Pagliacci 1913Carl Rosa Opera Company

Read more about the opera Pagliacci

The verismo double bill of Cav & Pag remained a crowd pleaser.

 

The Edinburgh View

Scotsman:  Tuesday, 18 February 1913  (p7)

Carl Rosa Opera Company - Cavalleria Rusticana and Pagliacci

'In entering on their third week of performance at the King's Theatre, the carl Rosa managers were wll advised in putting forward, with really strong casts, the double bill of Mascagni's Cavalleria Rusticana and Leoncavallo's Pagliacci.   Both pieces have things in common that justify their being placed together, and each is sufficiently short to serve as a complement to the other in a reasonable operatic entertainment.

'The new Italian school, of which these two striking examples were given last night, suggested a ''return to nature,''  as it were, inasmuch as in the plots and general texture of the music the atmosphere of gods and demigods is discarded in favour of the intenser appeal to humbler humanity, even in the half sordid tales of modern life in Italy or Sicily.

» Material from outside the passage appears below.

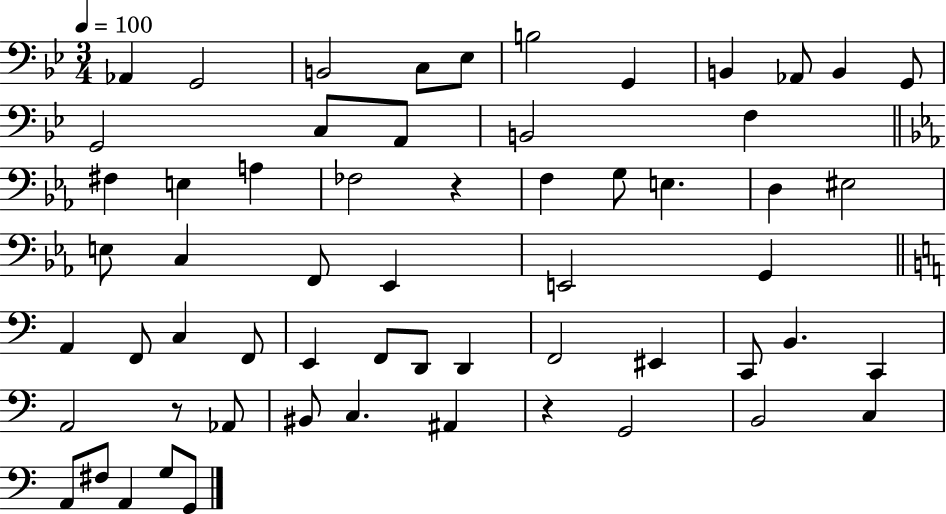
Ab2/q G2/h B2/h C3/e Eb3/e B3/h G2/q B2/q Ab2/e B2/q G2/e G2/h C3/e A2/e B2/h F3/q F#3/q E3/q A3/q FES3/h R/q F3/q G3/e E3/q. D3/q EIS3/h E3/e C3/q F2/e Eb2/q E2/h G2/q A2/q F2/e C3/q F2/e E2/q F2/e D2/e D2/q F2/h EIS2/q C2/e B2/q. C2/q A2/h R/e Ab2/e BIS2/e C3/q. A#2/q R/q G2/h B2/h C3/q A2/e F#3/e A2/q G3/e G2/e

'It might be easy to say that the two operas have in certain particulars been better presented in Edinburgh, for special artists in special parts have occasionally seized the public.  But a combination like the Carl Rosa Company must be judged on the broad basis of its general talent;  and the applause of last night's audience testified to the appreciation of the operas and of the singers.

'It may be noted that all through Mr Goossens was inclined to overlook the strain on the singers, for the simple reason that he strives to force their best out of the instrumentalists.  Mascagni is not Mozart and Mozart is not Mascagni.   But each tried to make stage music for singers and instrumentalists, and modern conditions have made it absolutely necessary that the work of the singers should be more intense and the work of the orchestra more restrained.  Mr Goossens is a master of interpretation;  but he occasionally forgets that voices are not instruments;  and the orchestra was frequently too loud when the audience would have been pleased to hear the singers.  For, of course, the majority of those present knew the distinctive musical numbers.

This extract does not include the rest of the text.